[Dataset items]

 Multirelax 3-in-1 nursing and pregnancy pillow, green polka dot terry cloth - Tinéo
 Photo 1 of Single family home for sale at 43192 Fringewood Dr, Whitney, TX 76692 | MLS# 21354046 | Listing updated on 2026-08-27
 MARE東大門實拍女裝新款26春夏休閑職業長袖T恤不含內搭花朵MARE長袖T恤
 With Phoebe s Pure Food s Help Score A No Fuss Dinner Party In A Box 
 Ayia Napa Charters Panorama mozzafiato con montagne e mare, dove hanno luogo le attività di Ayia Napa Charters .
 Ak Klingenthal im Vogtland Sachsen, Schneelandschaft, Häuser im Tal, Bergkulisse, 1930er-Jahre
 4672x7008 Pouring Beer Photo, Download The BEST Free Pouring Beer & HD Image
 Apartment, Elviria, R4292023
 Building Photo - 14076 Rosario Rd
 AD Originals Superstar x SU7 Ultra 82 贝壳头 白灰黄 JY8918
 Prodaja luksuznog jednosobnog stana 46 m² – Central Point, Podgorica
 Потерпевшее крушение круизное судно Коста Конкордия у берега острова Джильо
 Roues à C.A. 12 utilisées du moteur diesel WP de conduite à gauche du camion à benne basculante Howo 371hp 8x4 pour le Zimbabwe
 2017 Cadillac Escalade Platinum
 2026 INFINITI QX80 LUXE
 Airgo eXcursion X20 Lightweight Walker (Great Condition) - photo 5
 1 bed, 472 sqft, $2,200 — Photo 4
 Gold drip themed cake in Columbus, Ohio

### Directions
Copy verbatim the span of lines that begins with the line holding "4672x7008 Pouring Beer" and ends at the last line of the records.

### Task result
 4672x7008 Pouring Beer Photo, Download The BEST Free Pouring Beer & HD Image
 Apartment, Elviria, R4292023
 Building Photo - 14076 Rosario Rd
 AD Originals Superstar x SU7 Ultra 82 贝壳头 白灰黄 JY8918
 Prodaja luksuznog jednosobnog stana 46 m² – Central Point, Podgorica
 Потерпевшее крушение круизное судно Коста Конкордия у берега острова Джильо
 Roues à C.A. 12 utilisées du moteur diesel WP de conduite à gauche du camion à benne basculante Howo 371hp 8x4 pour le Zimbabwe
 2017 Cadillac Escalade Platinum
 2026 INFINITI QX80 LUXE
 Airgo eXcursion X20 Lightweight Walker (Great Condition) - photo 5
 1 bed, 472 sqft, $2,200 — Photo 4
 Gold drip themed cake in Columbus, Ohio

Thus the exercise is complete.